Почти в этот же день начальник централа Богоявленский получил письмо с местным штемпелем: «Нами получены сведения из Тобольской каторжной тюрьмы № 1, что Вы бесчеловечно обращаетесь с нашими товарищами политическими и уголовными заключенными, за что и объявляем Вам смертный приговор, который не замедлим исполнить. Инкогнито».
Через десять дней Богоявленский был убит на улице выстрелом из револьвера. Стрелявший скрылся. Полиция схватила по подозрению некоего Рогожина, местного ссыльного, но убедительных доказательств вины Рогожина не было, и на суде он был оправдан.

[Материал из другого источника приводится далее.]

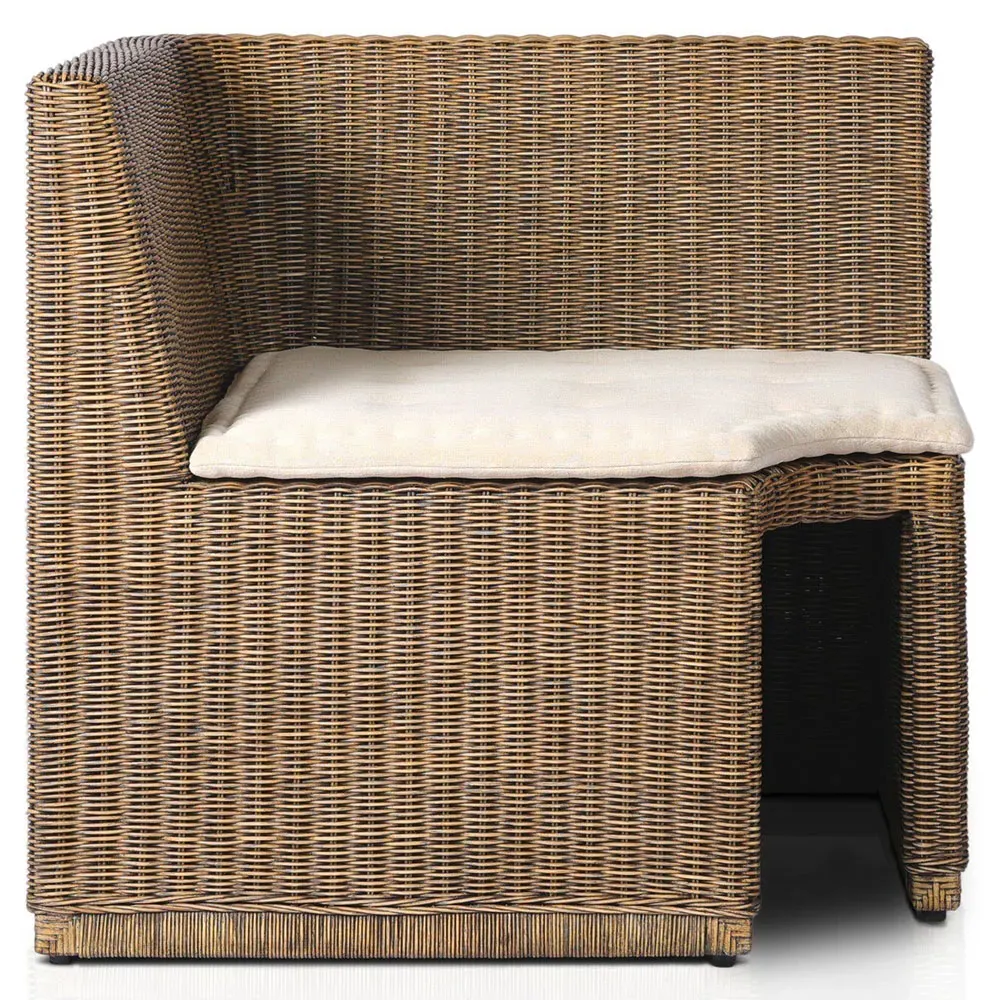 Senna Corner Dining Bench - Beige, Linen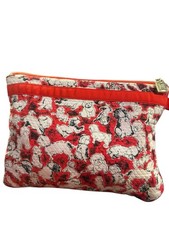 Carolina Herrera Red Dog Print Cosmetic Pouch Zip Makeup Bag CH Logo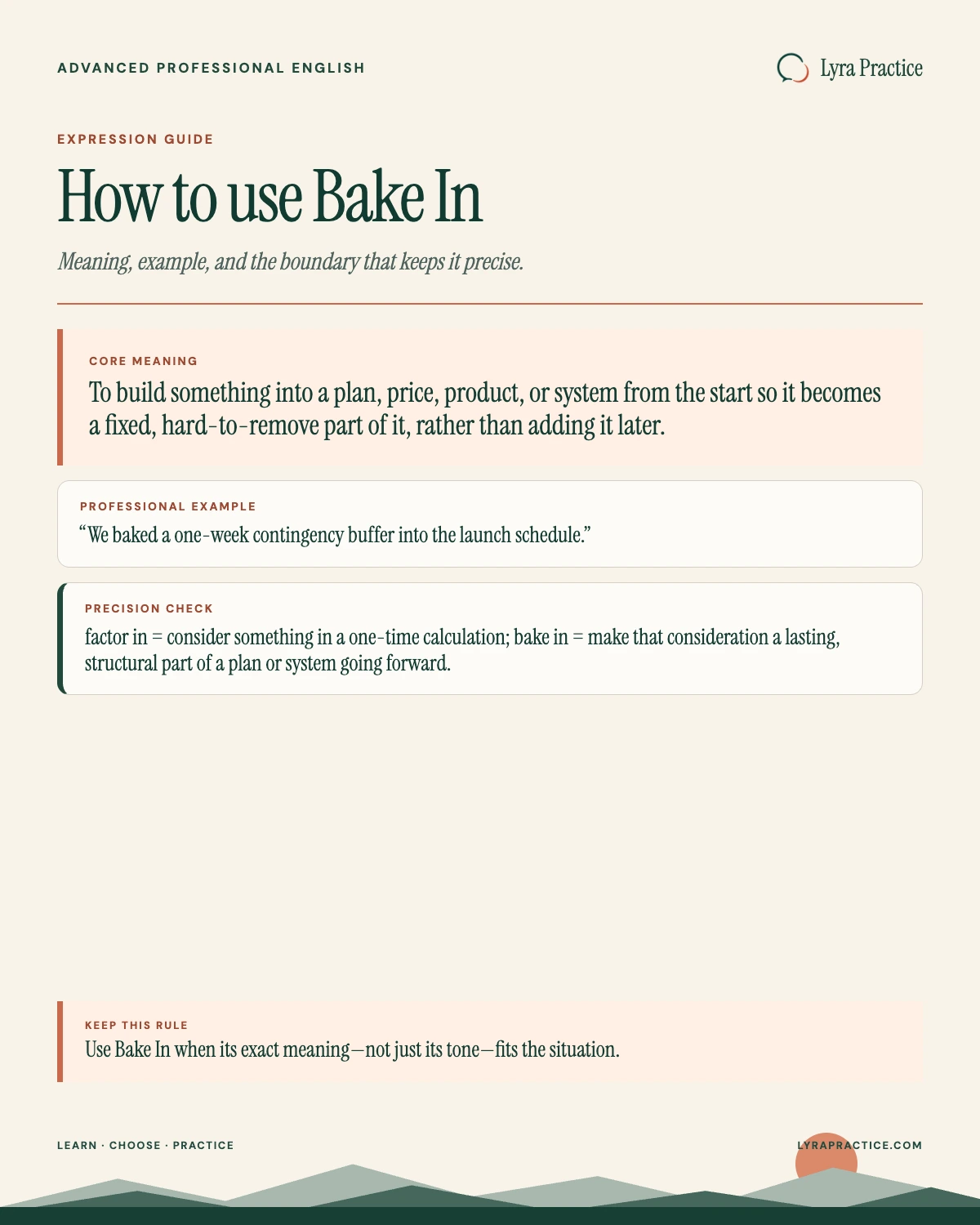Bake In meaning and professional English usage guide with an example and usage boundary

В каторжную тюрьму пришел новый хозяин, Могилев. Он прославился как знаменитый молчальник. Заключенных он не замечал, проходил мимо, как глухой, не отвечал на их просьбы, мольбы, оскорбления, проклятья. Он истязал молча. Обычным наказанием стало 30 суток карцера и сотня розог. Могилев ввел новшества: холодные и горячие карцеры. Температура охлаждалась или нагревалась до сорока градусов, горячие карцеры практиковались перед поркой, чтобы разгорячить кровь.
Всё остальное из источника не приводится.